Using data science and advanced imaging on patient-matched mini-avatars to improve precision medicine approaches.

Supervisors

Professor David Bryant, School of Cancer Sciences, University of Glasgow

Professor Crispin Miller, School of Cancer Sciences, University of Glasgow 

Professor Neil Carragher, Institute of Genetics & Cancer, University of Edinburgh

Summary

This PhD project aims to advance precision medicine by using data-driven approaches to study cancer using organoids—miniature, lab-grown versions of patient tumours. Unlike traditional methods that rely on outdated cell lines, organoids closely mimic the unique characteristics of each patient’s cancer, making them powerful tools for developing patient-tailored therapies.  

The project focuses on developing innovative techniques to analyse these organoids, using advanced data science methods, including artificial intelligence (AI) and machine learning (ML). By applying these tools, the research will identify key patterns and insights into how different cancers grow, spread, and react to various drugs. This approach aims to discover new, personalised treatment strategies that are more effective for individual patients. 
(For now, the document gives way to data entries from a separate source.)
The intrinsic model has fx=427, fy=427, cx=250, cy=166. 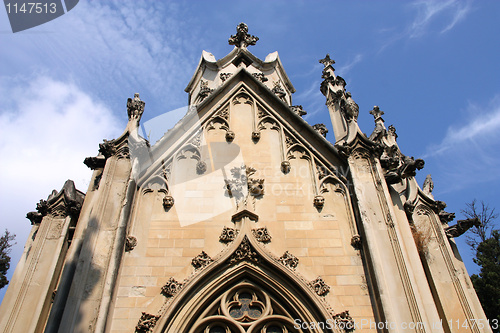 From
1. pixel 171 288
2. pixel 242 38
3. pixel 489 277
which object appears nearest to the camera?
pixel 171 288

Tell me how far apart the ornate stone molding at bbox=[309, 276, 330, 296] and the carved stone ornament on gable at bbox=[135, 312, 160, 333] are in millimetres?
3190

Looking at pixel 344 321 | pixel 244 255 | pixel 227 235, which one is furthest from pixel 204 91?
pixel 344 321

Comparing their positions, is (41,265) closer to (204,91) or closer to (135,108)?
(135,108)

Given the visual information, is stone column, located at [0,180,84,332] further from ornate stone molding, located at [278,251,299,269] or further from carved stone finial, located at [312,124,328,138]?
carved stone finial, located at [312,124,328,138]

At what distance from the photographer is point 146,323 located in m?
8.09

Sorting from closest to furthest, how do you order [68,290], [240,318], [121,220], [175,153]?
[68,290]
[240,318]
[121,220]
[175,153]

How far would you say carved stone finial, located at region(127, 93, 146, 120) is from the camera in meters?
11.5

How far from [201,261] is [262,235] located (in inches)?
59.4

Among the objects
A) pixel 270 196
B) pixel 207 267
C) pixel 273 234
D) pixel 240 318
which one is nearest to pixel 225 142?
pixel 270 196

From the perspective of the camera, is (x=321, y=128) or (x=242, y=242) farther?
(x=321, y=128)

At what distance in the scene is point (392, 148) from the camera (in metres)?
13.8

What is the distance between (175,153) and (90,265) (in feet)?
13.0

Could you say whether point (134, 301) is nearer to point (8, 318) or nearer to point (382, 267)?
point (8, 318)

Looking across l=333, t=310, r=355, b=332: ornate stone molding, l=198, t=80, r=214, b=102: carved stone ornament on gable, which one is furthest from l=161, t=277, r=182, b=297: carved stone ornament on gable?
l=198, t=80, r=214, b=102: carved stone ornament on gable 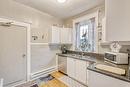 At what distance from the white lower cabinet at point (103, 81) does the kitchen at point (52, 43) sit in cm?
54

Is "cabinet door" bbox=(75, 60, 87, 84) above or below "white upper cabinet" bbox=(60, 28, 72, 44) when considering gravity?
below

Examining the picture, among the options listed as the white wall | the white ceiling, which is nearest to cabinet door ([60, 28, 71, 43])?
the white wall

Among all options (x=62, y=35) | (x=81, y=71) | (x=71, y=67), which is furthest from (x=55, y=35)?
(x=81, y=71)

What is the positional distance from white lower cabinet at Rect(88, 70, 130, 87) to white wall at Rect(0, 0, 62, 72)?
259 cm

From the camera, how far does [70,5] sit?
11.0ft

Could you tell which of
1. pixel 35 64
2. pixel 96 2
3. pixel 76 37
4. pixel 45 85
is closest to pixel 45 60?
pixel 35 64

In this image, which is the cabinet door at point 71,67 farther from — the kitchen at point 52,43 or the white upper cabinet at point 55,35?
the white upper cabinet at point 55,35

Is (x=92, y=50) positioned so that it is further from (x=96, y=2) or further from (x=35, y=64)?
(x=35, y=64)

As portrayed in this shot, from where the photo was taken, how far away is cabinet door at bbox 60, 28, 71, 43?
4359mm

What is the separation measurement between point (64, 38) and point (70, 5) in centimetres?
141

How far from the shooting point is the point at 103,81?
4.99 feet

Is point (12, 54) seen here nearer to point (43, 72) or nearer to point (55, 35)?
point (43, 72)

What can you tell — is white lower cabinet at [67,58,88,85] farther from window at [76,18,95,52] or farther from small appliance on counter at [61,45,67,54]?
small appliance on counter at [61,45,67,54]

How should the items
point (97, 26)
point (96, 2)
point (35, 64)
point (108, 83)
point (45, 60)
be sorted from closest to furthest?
point (108, 83), point (96, 2), point (97, 26), point (35, 64), point (45, 60)
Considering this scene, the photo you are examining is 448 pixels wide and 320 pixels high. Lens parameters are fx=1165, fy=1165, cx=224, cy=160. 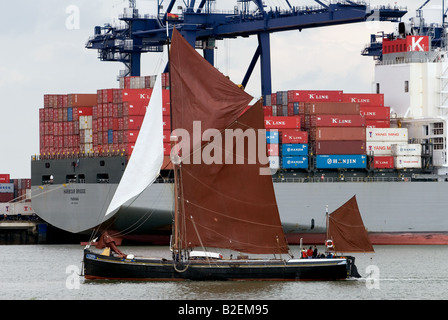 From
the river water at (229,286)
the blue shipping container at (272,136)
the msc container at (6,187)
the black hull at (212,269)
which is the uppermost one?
the blue shipping container at (272,136)

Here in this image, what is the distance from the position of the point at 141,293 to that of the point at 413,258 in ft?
56.0

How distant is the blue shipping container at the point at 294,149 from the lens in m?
55.7

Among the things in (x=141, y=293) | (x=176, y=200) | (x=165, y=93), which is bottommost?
(x=141, y=293)

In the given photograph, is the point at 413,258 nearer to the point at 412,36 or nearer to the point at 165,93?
the point at 165,93

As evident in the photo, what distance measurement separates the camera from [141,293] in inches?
1391

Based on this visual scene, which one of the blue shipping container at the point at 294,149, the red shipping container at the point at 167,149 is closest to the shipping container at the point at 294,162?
the blue shipping container at the point at 294,149

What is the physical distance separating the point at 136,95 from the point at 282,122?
7.08 metres

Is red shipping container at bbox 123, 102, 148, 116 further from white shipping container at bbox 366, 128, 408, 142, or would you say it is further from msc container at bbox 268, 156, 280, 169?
white shipping container at bbox 366, 128, 408, 142

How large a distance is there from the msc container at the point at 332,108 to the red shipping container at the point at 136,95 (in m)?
7.85

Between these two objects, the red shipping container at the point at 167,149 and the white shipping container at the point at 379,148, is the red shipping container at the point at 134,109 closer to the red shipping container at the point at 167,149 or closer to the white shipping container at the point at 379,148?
the red shipping container at the point at 167,149

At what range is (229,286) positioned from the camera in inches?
1467

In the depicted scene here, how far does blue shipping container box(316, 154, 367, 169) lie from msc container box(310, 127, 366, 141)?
934 millimetres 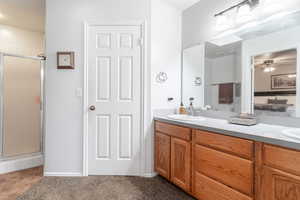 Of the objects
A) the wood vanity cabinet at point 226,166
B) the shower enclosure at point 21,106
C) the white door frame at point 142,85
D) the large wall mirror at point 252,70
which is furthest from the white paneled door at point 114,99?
the shower enclosure at point 21,106

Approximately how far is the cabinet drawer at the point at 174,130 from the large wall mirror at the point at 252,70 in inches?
24.5

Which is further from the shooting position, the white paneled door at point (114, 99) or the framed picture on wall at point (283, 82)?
the white paneled door at point (114, 99)

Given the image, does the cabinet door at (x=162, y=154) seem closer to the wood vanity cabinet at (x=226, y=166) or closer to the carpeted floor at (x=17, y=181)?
the wood vanity cabinet at (x=226, y=166)

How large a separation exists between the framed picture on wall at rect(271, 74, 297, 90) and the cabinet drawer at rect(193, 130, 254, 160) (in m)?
0.74

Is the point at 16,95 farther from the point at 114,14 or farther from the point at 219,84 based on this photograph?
the point at 219,84

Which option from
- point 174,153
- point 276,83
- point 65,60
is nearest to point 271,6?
point 276,83

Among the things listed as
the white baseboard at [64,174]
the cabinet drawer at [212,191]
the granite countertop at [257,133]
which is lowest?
the white baseboard at [64,174]

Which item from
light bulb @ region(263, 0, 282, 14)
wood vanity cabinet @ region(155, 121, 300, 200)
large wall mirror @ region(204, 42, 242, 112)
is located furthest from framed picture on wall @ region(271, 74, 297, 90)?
wood vanity cabinet @ region(155, 121, 300, 200)

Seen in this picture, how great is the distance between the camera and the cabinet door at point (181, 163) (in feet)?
5.72

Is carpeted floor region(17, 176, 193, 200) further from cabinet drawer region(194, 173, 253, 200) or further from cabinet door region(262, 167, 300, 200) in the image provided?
cabinet door region(262, 167, 300, 200)

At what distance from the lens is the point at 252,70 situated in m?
1.79

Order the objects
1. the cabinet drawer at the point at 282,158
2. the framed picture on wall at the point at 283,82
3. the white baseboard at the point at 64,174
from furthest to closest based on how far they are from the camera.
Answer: the white baseboard at the point at 64,174 < the framed picture on wall at the point at 283,82 < the cabinet drawer at the point at 282,158

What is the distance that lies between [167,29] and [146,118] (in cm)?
136

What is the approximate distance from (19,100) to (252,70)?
147 inches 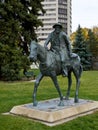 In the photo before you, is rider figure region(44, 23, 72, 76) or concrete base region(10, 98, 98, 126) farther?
rider figure region(44, 23, 72, 76)

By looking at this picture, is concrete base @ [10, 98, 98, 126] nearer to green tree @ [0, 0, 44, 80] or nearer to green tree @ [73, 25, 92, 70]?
green tree @ [0, 0, 44, 80]

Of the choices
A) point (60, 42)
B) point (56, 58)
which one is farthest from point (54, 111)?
point (60, 42)

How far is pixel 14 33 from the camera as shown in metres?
22.2

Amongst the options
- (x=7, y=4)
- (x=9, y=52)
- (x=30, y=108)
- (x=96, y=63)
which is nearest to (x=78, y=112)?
(x=30, y=108)

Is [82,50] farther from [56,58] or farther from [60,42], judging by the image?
[56,58]

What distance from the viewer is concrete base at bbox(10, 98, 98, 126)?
26.7 feet

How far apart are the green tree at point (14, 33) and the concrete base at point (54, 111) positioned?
39.1 feet

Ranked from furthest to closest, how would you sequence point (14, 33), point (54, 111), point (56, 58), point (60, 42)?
1. point (14, 33)
2. point (60, 42)
3. point (56, 58)
4. point (54, 111)

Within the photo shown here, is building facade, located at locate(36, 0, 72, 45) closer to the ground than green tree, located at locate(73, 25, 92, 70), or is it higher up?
higher up

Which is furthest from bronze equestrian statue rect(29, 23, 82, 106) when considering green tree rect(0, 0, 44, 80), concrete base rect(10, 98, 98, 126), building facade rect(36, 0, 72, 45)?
building facade rect(36, 0, 72, 45)

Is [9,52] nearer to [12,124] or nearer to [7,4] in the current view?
[7,4]

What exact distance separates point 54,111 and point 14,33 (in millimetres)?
14646

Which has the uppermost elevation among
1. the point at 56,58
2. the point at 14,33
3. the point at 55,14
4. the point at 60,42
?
the point at 55,14

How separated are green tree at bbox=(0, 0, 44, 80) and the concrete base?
39.1 ft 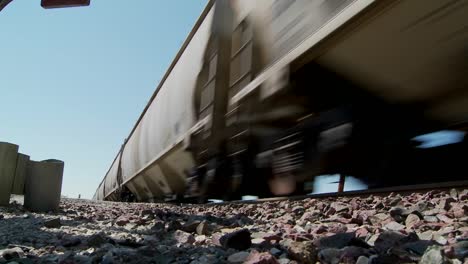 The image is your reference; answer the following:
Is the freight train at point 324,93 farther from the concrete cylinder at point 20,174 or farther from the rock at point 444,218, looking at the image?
the concrete cylinder at point 20,174

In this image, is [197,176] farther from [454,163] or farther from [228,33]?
[454,163]

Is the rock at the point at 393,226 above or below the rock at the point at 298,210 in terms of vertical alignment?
below

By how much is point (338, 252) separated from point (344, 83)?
75.1 inches

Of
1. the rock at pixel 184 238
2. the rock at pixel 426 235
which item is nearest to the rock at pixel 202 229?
the rock at pixel 184 238

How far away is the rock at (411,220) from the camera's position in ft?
8.00

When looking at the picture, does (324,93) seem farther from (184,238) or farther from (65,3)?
(65,3)

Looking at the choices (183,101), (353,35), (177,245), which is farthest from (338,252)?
(183,101)

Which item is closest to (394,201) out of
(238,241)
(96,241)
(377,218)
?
(377,218)

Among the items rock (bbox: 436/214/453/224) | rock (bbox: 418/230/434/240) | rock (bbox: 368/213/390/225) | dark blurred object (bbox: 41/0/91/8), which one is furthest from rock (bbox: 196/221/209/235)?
dark blurred object (bbox: 41/0/91/8)

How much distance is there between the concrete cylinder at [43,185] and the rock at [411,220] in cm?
441

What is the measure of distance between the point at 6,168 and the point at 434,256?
205 inches

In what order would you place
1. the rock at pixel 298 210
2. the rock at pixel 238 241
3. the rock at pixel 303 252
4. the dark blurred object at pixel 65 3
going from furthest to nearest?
the dark blurred object at pixel 65 3
the rock at pixel 298 210
the rock at pixel 238 241
the rock at pixel 303 252

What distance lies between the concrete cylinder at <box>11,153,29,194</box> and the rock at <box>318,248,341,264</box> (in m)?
4.85

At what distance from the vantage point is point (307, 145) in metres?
3.86
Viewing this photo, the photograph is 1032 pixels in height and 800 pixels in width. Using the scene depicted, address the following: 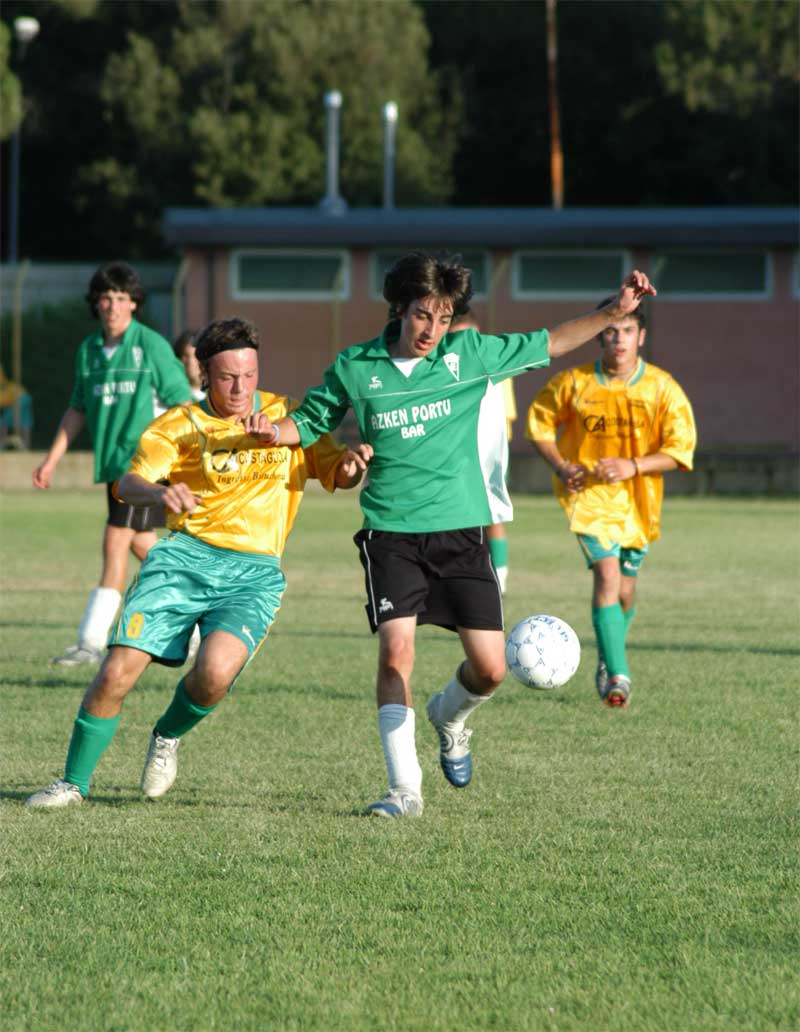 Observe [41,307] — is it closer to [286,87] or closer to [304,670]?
[286,87]

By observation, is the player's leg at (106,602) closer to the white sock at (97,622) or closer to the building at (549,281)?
the white sock at (97,622)

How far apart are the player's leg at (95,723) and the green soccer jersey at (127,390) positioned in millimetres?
3585

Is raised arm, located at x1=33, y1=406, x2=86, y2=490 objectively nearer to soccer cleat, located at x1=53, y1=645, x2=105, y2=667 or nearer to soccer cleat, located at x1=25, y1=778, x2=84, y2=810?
soccer cleat, located at x1=53, y1=645, x2=105, y2=667

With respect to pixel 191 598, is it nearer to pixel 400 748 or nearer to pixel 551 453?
pixel 400 748

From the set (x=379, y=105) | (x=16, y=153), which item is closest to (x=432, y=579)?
(x=16, y=153)

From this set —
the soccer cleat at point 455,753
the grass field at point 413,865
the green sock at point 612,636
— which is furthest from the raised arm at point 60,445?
the soccer cleat at point 455,753

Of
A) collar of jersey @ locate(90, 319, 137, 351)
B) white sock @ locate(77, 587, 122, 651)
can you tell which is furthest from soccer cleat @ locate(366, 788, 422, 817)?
collar of jersey @ locate(90, 319, 137, 351)

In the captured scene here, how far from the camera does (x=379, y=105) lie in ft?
146

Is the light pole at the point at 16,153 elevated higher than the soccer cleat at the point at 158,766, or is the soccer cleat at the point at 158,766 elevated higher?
the light pole at the point at 16,153

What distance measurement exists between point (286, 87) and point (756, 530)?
1141 inches

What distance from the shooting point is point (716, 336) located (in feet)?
88.3

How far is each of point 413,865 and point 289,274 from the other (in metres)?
23.6

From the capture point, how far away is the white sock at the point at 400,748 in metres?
5.40

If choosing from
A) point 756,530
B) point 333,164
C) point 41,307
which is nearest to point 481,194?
point 333,164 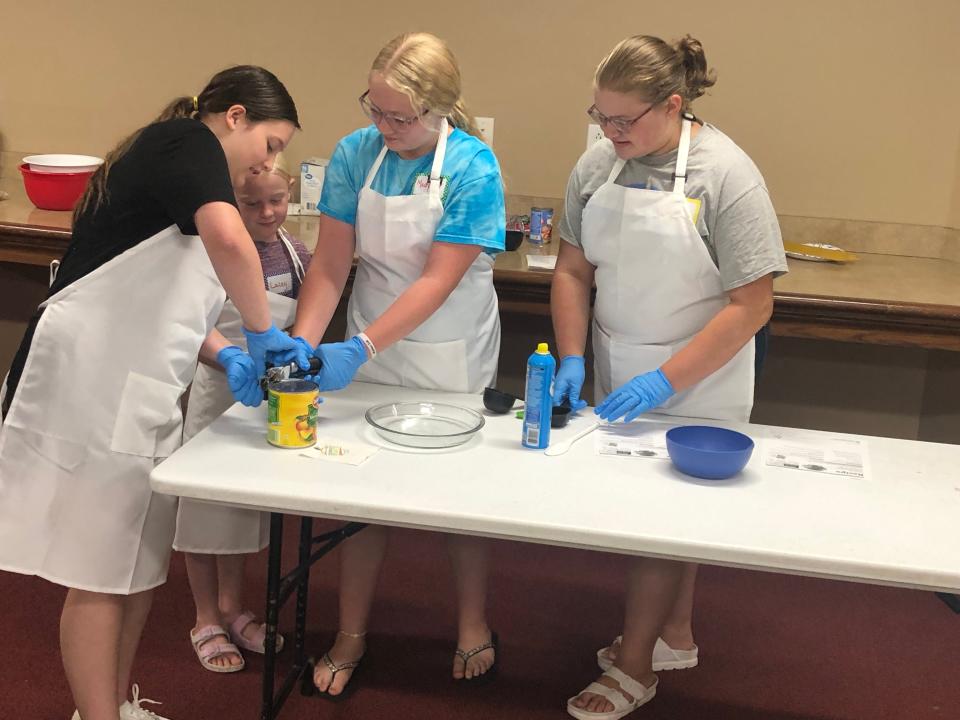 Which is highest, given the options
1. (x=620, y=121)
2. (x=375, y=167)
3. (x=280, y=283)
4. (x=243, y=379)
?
(x=620, y=121)

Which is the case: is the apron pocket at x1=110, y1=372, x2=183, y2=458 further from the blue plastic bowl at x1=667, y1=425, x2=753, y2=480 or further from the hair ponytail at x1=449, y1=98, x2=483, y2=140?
the blue plastic bowl at x1=667, y1=425, x2=753, y2=480

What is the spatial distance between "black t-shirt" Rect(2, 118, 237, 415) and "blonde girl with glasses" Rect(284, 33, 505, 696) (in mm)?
382

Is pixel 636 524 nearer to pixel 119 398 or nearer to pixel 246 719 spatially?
pixel 119 398

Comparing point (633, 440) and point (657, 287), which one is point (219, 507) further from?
point (657, 287)

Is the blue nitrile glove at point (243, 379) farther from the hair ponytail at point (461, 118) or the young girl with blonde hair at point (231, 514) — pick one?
the hair ponytail at point (461, 118)

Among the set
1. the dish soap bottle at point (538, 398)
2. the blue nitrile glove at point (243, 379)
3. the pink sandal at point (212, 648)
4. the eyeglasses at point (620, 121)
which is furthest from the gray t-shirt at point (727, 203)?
the pink sandal at point (212, 648)

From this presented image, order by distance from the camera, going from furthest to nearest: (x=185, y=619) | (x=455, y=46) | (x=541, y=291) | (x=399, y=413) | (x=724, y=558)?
1. (x=455, y=46)
2. (x=541, y=291)
3. (x=185, y=619)
4. (x=399, y=413)
5. (x=724, y=558)

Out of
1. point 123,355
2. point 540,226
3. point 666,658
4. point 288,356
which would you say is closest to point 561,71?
point 540,226

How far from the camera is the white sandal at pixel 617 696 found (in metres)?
2.20

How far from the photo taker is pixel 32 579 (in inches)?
104

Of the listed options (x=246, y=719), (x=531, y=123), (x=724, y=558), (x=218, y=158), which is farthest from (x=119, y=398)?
(x=531, y=123)

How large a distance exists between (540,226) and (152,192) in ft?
5.60

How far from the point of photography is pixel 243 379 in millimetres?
1853

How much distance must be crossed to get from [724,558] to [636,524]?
0.45 ft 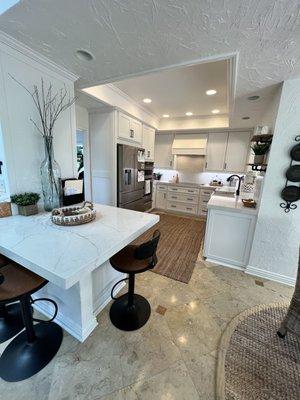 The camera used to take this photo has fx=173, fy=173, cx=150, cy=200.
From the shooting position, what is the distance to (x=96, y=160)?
3545 millimetres

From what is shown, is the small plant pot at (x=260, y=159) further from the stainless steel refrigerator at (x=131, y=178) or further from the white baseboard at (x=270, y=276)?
the stainless steel refrigerator at (x=131, y=178)

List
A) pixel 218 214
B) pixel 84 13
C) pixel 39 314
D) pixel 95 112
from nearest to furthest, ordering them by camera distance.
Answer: pixel 84 13 < pixel 39 314 < pixel 218 214 < pixel 95 112

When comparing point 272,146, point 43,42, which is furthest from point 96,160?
point 272,146

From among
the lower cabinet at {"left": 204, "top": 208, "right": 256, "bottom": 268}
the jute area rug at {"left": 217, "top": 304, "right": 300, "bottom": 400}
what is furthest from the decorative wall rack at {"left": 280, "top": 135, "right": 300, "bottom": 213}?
the jute area rug at {"left": 217, "top": 304, "right": 300, "bottom": 400}

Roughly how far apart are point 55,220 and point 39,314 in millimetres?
955

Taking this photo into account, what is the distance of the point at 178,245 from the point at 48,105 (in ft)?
9.00

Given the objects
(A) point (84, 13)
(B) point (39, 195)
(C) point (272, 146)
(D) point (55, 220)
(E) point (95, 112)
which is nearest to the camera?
(A) point (84, 13)

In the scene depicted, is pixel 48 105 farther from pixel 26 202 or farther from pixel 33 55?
pixel 26 202

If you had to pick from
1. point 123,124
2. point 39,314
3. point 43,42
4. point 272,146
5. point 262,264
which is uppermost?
point 43,42

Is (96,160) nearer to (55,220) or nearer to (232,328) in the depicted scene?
(55,220)

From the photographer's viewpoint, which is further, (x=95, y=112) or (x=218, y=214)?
(x=95, y=112)

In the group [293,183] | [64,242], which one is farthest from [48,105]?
[293,183]

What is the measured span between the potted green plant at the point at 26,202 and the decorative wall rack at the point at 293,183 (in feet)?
8.97

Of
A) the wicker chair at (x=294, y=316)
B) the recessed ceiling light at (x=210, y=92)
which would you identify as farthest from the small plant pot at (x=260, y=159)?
the wicker chair at (x=294, y=316) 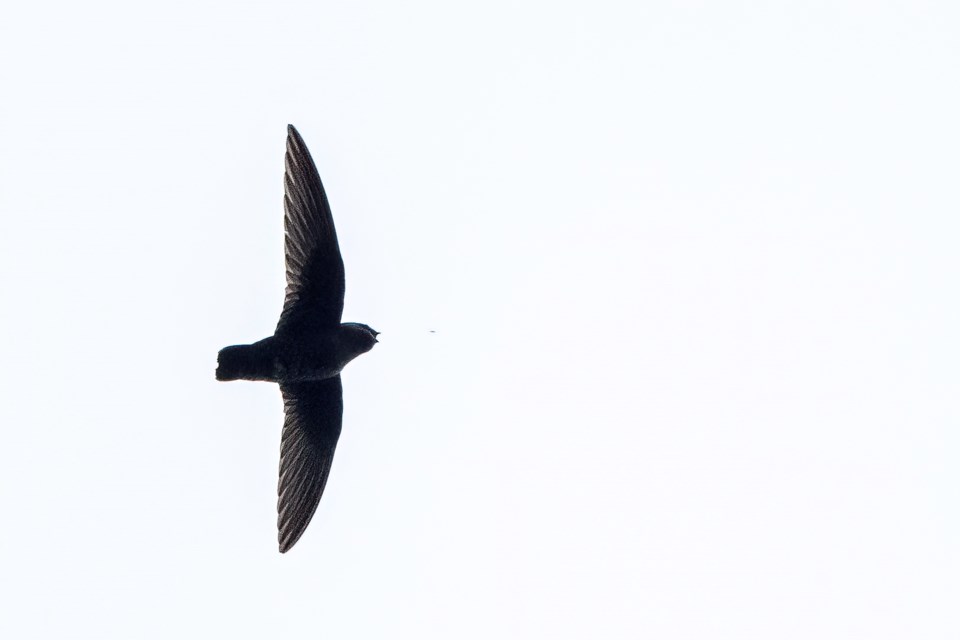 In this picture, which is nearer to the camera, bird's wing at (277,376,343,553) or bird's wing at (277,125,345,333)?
bird's wing at (277,125,345,333)

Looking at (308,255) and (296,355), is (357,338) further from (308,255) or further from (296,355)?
(308,255)

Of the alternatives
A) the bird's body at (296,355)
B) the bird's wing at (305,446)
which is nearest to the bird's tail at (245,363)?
the bird's body at (296,355)

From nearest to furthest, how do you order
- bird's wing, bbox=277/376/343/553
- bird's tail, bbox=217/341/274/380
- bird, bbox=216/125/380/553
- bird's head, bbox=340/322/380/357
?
bird's tail, bbox=217/341/274/380
bird, bbox=216/125/380/553
bird's head, bbox=340/322/380/357
bird's wing, bbox=277/376/343/553

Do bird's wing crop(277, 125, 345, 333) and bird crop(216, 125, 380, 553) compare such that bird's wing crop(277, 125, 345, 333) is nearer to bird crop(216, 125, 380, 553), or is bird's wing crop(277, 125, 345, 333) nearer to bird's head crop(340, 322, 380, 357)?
bird crop(216, 125, 380, 553)

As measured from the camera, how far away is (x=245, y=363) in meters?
11.5

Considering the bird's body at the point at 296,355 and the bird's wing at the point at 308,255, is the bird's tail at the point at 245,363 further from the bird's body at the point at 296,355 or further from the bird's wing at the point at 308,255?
the bird's wing at the point at 308,255

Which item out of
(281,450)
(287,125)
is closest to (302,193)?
(287,125)

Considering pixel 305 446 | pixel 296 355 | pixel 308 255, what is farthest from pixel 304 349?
pixel 305 446

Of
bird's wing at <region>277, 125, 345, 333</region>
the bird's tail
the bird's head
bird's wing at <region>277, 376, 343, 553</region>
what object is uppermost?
bird's wing at <region>277, 125, 345, 333</region>

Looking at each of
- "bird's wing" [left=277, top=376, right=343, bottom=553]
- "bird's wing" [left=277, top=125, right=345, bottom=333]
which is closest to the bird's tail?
"bird's wing" [left=277, top=125, right=345, bottom=333]

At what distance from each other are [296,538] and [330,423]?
1058 millimetres

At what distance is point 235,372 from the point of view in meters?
11.4

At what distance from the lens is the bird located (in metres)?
11.6

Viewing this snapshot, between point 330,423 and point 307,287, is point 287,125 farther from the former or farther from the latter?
point 330,423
The student will receive training in cutting-edge techniques, such as high-content screening for detailed cell observation, AI/ML integration for predictive modelling, and multi-omics analysis to explore the molecular details of tumours. By combining precision medicine with data science, this research aims to enhance our ability to match cancer treatments to the specific genetic and molecular features of each patient’s tumour, improving outcomes and paving the way for more personalised cancer care.